Migrating dmd to D?

Mon Mar 4 11:30:05 PST 2013

On Monday, 4 March 2013 at 02:36:23 UTC, Daniel Murphy wrote:
>> What were the biggest and most common reasons you needed 
>> context information?
>
> Turning implicit into explicit conversions.  A big one is 0 -> 
> Loc(0).
> dinteger_t -> size_t.  void* -> char*.  string literal to 
> char*.  string
> literal to unsigned char*.  unsigned -> unsigned char.  int -> 
> bool.

I would like to play devil's advocate myself, at least on 0 -> 
Loc(0).

I found that in the source, the vast, vast majority of Loc 
instances were named, of course, 'loc'. Of the few other ones, 
only 'endloc' was ever assigned to 0. The token matcher could 
substitute:

'loc = 0' -> 'loc = Loc(0)'
'endloc = 0' -> 'endloc = Loc(0)'

As long as it had a list of the D's AST classes, a pretty 
conservative attempt to knock out a huge number of additional 
cases is:
'new DmdClassName(0' -> 'new DmdClassName(Loc(0)'

The core principle with the naive approach is to take advantage 
of specific per-project conventions such as always giving the Loc 
first. The more uniformity with which the project has been 
implemented, the more likely this approach will work.

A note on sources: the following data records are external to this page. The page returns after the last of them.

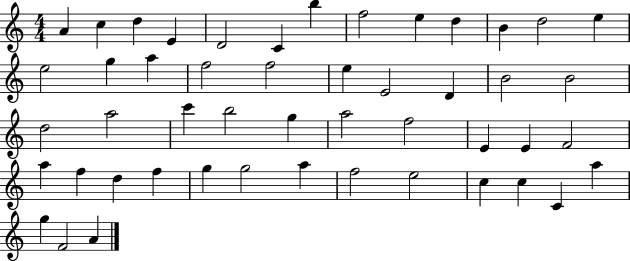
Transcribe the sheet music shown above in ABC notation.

X:1
T:Untitled
M:4/4
L:1/4
K:C
A c d E D2 C b f2 e d B d2 e e2 g a f2 f2 e E2 D B2 B2 d2 a2 c' b2 g a2 f2 E E F2 a f d f g g2 a f2 e2 c c C a g F2 A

A lot of those other implicit conversions I do agree seem 
daunting. The naive approach would require two features, one, a 
basic way of tracking a variable's type. For example, it could 
have a list of known 'killer' types which cause problems. When it 
sees one it records the next identifier it finds and associates 
it to that type for the rest of the function. It may then be 
slightly better able to known patterns where conversion is 
desirable. The second feature would be a brute force way of 
saying, "You meet pattern ZZZ: if in function XXX::YYY, replace 
it with WWW, else replace with UUU." This is clearly the point of 
diminishing returns for the naive approach, at which point I 
could only hope that a good abstraction could make up a lot of  
ground when found necessary.

The point of diminishing returns for the whole naive approach is 
reached when for every abstraction you add, you end up breaking 
as much code as you fix. Then you're stuck with the grunt work of 
adding special case after special case, and you might as well try 
something else at that point...

My current situation is that my coding skills will lag behind my 
ability to have ideas, so I don't have anything rearding my 
approach up and running for comparison, but I want the 
conversation to be productive, so I'll give you the ideas I've 
had since yesterday.

I would start by creating a program which converts the source by 
class, one class at a time, and one file for each. It has a list 
of classes to convert, and a list of data, methods, and overrides 
for each class - it will only include what's on the list, so you 
can add classes and functions one step at a time. For each method 
or override, a file to find it in, and maybe a hint as to about 
where the function begins in said file.

You may have already thought of these, but just to say them out 
loud, some more token replacements I was thinking of:

'SameName::SameName(...ABC...) : DifferentName(...XYZ...) {'
->
'this(...ABC...)
{
     super(...XYZ...);'

Standard reference semantics:
'DTreeClass *' -> 'DTreeClass'

Combined, they look like this:
'OrOrExp::OrOrExp(Loc loc, Expression *e1, Expression *e2)
         : BinExp(loc, TOKoror, sizeof(OrOrExp), e1, e2)
{'
->
'this(Loc loc, Expression e1, Expression e2)
{
     super(loc, TOKoror, sizeof(OrOrExp), e1, e2);'